__Activity__.
The records below are to be reproduced exactly, and no picture should appear in the copy.

Scraped caption text data:

>>>

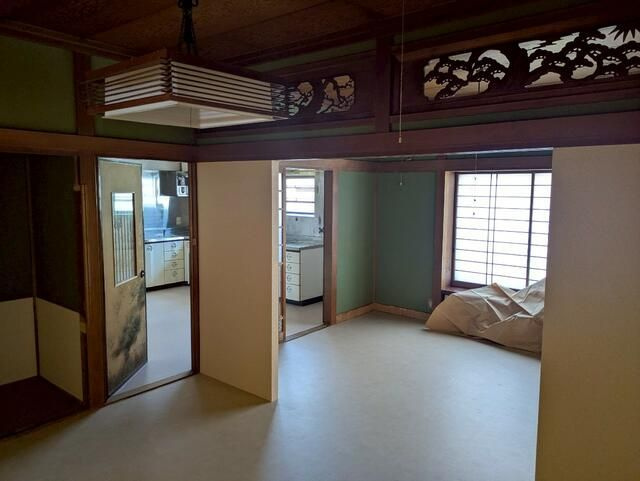 平戸町店舗併用住宅の内装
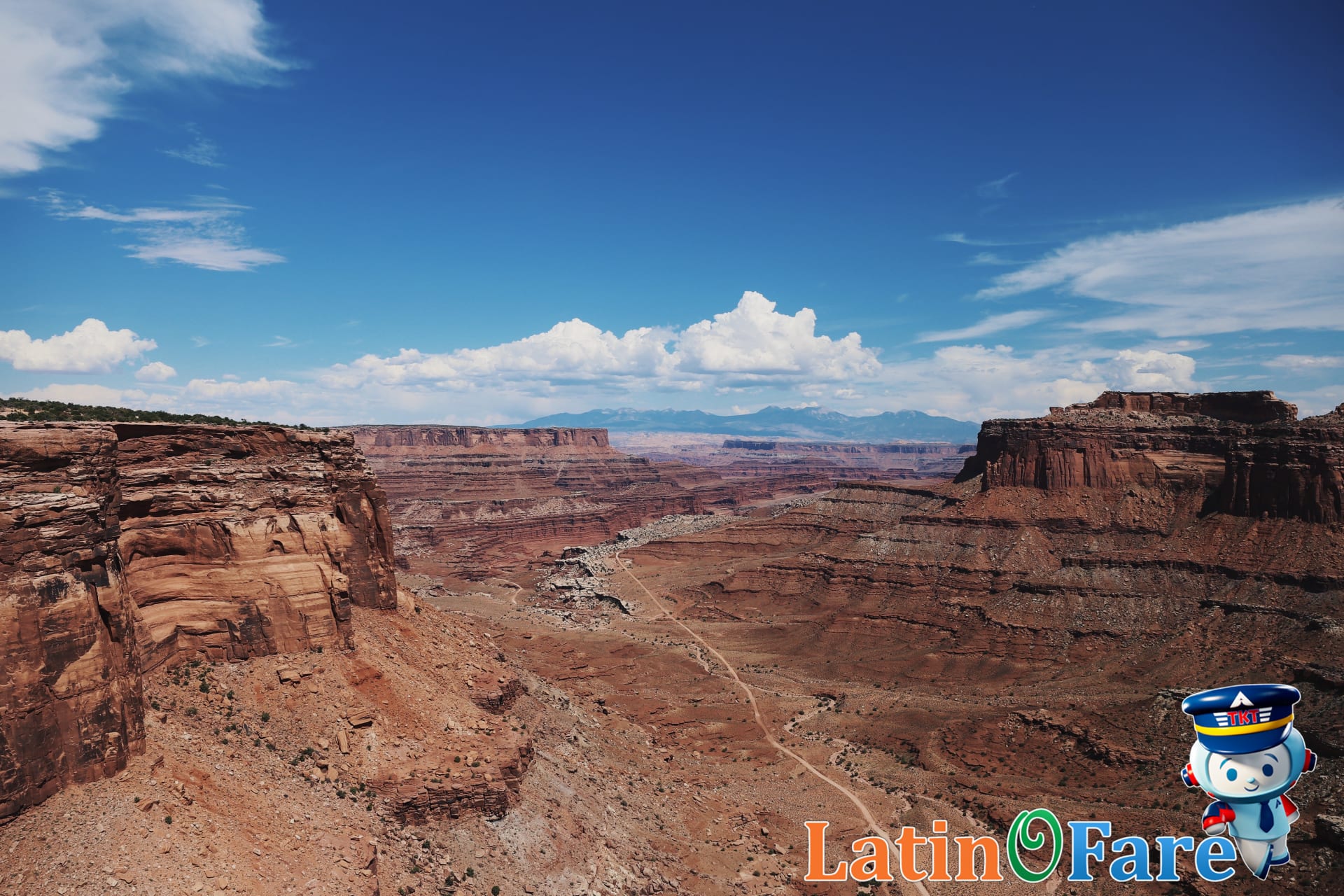 Vast canyons and rock formations at Canyonlands National Park, Utah mighty 5 road trip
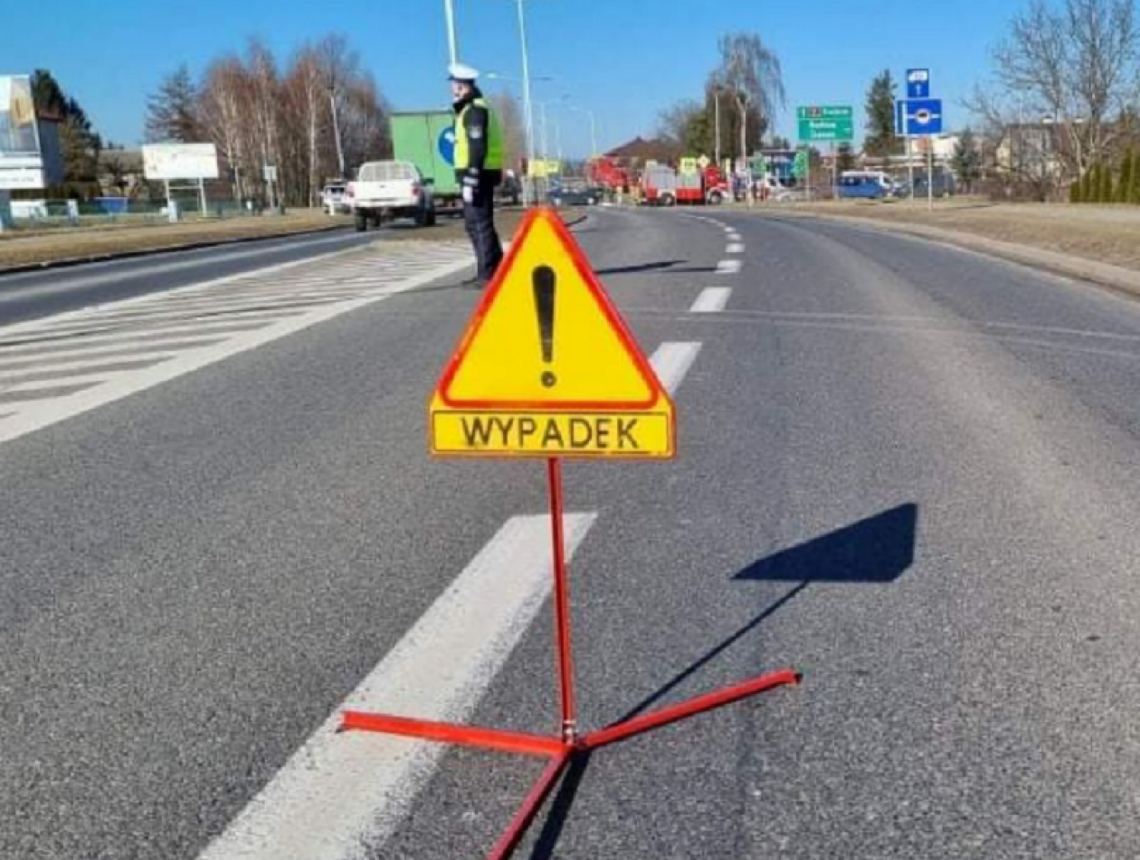 Wypadek w Kostomłotach Drugich. Kierowcy muszą liczyć się z utrudnieniami Wypadek w Kostomłotach Drugich. Kierowcy muszą liczyć się z utrudnieniami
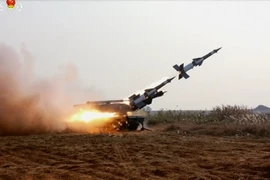 Cuộc tập trận bắn đạn thật chống máy bay của quân đội Triều Tiên tại một địa điểm bí mật ở khu vực phía tây biên giới liên Triều. (Nguồn: EPA/TTXVN) 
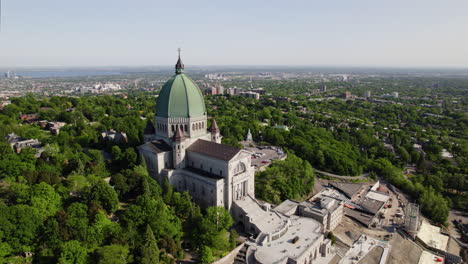Luftaufnahme,-Die-Um-Das-St.-Josephs-Oratorium-Des-Mount-Royal-In-Montreal-Fliegt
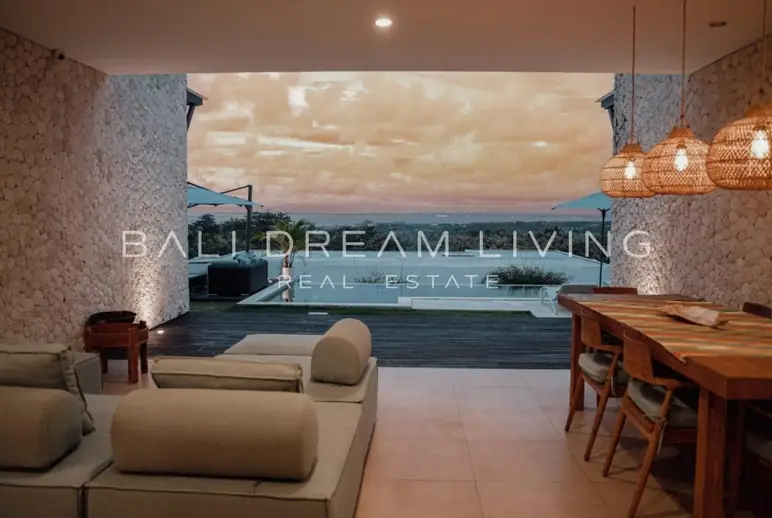 Exquisite 4-Bedroom Cliffside Villa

<<<

__Solution for this task__.
 平戸町店舗併用住宅の内装
 Vast canyons and rock formations at Canyonlands National Park, Utah mighty 5 road trip
 Wypadek w Kostomłotach Drugich. Kierowcy muszą liczyć się z utrudnieniami Wypadek w Kostomłotach Drugich. Kierowcy muszą liczyć się z utrudnieniami
 Cuộc tập trận bắn đạn thật chống máy bay của quân đội Triều Tiên tại một địa điểm bí mật ở khu vực phía tây biên giới liên Triều. (Nguồn: EPA/TTXVN) 
Luftaufnahme,-Die-Um-Das-St.-Josephs-Oratorium-Des-Mount-Royal-In-Montreal-Fliegt
 Exquisite 4-Bedroom Cliffside Villa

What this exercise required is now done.